Journey's End

WWI drama set and performed in Flanders
From its earliest production in 1928, R.C. Sherriff's Journey's End has set the tone for much of the theatre set during the First World War: a polished mixture of sentimentality and harsh naturalism, it follows the lives of the officer class in the British trenches, revealing both their aspirations, anxieties and courage in the face of horror and death. From Stanhope's attempts to hide his fear beneath alcohol, Raleigh's school-boy optimism and Osbourne's avuncular compassion, these characters neither offer a justification or condemnation of the war, but simply reveal its contours and climaxes.
Sally Woodcock's direction is measured and thoughtful, allowing the ensemble to express the detail of the characterisation, but the decision to stage this production in Ypres – the location in which the events of the play happened and now part of the battlefield tourism industry – lends it a sharp poignancy that lifts it above another generic WWII memorial production. Performed within one of the few buildings not flattened between 1914 and 1918, Tim Peacock's original design evokes the gloomy interiors of trench warfare, encasing the cast within the history that their performances describe. It is a moving meditation on the familiar theme that soldiers, in whatever war, fight for each other rather than any political or moral idea.

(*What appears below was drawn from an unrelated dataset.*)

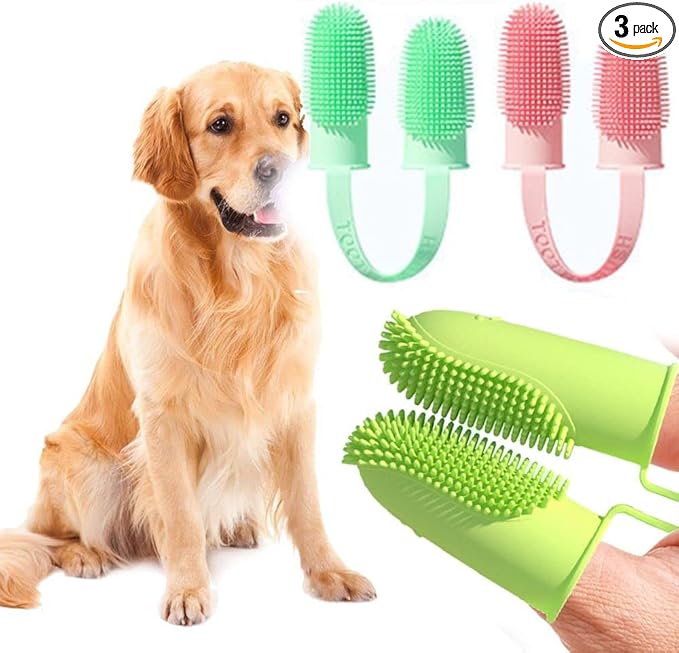 Andy's Orchids 3pcs Dog Toothbrush for Easy Teeth Cleaning, Finger Toothbrush Kit, Double-Finger 135ºSurround Bristles, Teeth Care Dental Care for Puppies Cats and Small Pets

With a strong cast, MESH's production uses the evocative design and the rich relationships between the cast to make the script capture a moment in history and lend it a contemporary resonance. Tom Kay's Stanhope is, by turns, a raging monster hiding his cynicism with bluster and a compassionate leader resigned to the death of his colleagues and friends: Terry Burns manages to lend Trotter a warmth and humour that doesn't dwell in the darkness. Journey's End in Ypres becomes a moving and precise reflection on a war that, even a century after the armistice, still haunts the imagination of Europe.
Het Kruitmagazijn, Ypres, Belgium, until Mon 12 Nov.